Monday, 06 Feb 2012

Ireland - Alternatives to Defined Benefit Arrangements

06 February 2009

The last five years have seen a rapid decline -  from 67% to 37% coverage - of defined benefit occupational pension schemes in Ireland.

Defined contribution schemes have in the same period risen in prevalence from 8% to 24%. While membership of defined benefit schemes continues to increase slowly; it forms a declining percentage of total coverage. These statistics reflect the recent poor performance of the equity market, an aging population and resultant unpredictable funding expense for sponsoring employers which has meant that many are now looking to alternative arrangements to strike a balance between company and member needs.

The issues

To give an overview of what is at issue: In defined contribution schemes, the level of final retirement benefit for the member will depend on what pension or "annuity" the member can afford to purchase at retirement age. This in turn depends on the size of the fund accumulated from employer/employee contributions and the return that has been amassed on that investment over the course of the employees working life.

Contrast that with the more typically employee favoured option of being members of a defined benefit scheme where the member will be appraised at the outset of the precise level of benefit that will be received on retirement; normally calculable as a percentage of pensionable salary multiplied by years of service.
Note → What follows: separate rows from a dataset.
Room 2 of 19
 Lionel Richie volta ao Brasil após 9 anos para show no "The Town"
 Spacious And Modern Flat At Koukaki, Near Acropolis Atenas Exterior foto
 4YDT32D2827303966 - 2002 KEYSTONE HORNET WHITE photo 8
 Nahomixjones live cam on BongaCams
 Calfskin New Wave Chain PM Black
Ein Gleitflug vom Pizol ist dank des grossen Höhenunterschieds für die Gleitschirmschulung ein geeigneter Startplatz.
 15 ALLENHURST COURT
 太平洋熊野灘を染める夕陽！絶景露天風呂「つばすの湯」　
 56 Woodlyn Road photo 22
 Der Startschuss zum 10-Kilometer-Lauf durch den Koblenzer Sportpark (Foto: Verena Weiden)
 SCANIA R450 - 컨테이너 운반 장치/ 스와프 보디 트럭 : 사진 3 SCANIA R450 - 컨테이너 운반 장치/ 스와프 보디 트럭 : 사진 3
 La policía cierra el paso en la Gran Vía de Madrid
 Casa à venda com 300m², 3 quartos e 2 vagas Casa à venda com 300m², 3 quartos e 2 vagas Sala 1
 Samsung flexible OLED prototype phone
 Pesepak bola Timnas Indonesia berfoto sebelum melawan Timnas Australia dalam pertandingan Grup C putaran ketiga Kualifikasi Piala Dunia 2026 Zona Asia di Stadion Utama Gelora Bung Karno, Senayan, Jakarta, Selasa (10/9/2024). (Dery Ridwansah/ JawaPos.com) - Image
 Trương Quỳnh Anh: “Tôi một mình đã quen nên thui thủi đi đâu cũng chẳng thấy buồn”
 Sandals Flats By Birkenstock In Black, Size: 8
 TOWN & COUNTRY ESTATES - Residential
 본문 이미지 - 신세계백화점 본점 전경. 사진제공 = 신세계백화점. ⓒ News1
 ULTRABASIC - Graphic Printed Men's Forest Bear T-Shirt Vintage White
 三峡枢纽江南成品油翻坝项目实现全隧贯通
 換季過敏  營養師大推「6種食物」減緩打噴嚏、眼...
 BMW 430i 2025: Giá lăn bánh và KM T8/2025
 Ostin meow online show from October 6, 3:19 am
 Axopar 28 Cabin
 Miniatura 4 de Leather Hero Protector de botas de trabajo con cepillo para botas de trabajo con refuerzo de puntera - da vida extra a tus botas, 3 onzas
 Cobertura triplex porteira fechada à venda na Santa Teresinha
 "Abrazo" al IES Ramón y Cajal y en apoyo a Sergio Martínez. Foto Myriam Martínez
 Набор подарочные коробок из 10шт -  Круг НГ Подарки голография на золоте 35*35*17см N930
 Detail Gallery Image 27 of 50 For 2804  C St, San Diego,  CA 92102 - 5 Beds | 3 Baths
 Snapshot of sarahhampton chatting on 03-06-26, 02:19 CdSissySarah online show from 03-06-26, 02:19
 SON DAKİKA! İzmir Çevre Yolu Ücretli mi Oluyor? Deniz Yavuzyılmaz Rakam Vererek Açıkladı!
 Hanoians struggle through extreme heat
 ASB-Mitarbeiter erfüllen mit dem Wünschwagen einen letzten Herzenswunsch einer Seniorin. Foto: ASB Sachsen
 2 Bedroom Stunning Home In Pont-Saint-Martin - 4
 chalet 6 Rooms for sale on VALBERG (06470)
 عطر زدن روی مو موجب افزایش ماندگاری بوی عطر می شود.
In the former, the employee bears the risk on poor investment returns resulting in a small fund to purchase a pension as against the latter where members will know the level of pension they will be receiving and can plan more easily for retirement.

Corporate Acquisitions

What is happening more frequently in corporate acquisitions is that purchaser companies are seeking to agree the closure of the targets defined benefit scheme as a term in the share or asset purchase agreement. In such cases in practice, the defined benefit scheme will continue for a transition period of approximately six months after which time relevant employees will be transferred into a newly established defined contribution scheme: the scheme administrators having first meticulously ascertained the member entitlements in order to affect the transfers.

Hybrid Schemes

Another emerging pension scheme trend in Ireland is the rise of the creation of what’s termed ‘hybrid schemes’. There are innumerate types of hybrid schemes, limited only by the employer’s imagination and Revenue Limits but the basic premise is that such schemes contain a mixture of both defined benefit and defined contribution characteristics and aim to facilitate the distribution of pension risk more equally between employers and employees. An example would be the combination hybrid, where the member accumulates two types of benefit simultaneously: Defined benefit to a salary cap of €60,000 for example and thereafter defined contribution on any earnings over that amount. It is anticipated that hybrid schemes will form a large part of the future of pension scheme design in Ireland as such arrangements are viewed as providing employers with transparency and certainty in their accounts while providing employees with a level of security due to the defined benefit element of their schemes.

Deborah McHugh is a senior associate in the employment and pensions department of Mason Hayes+Curran.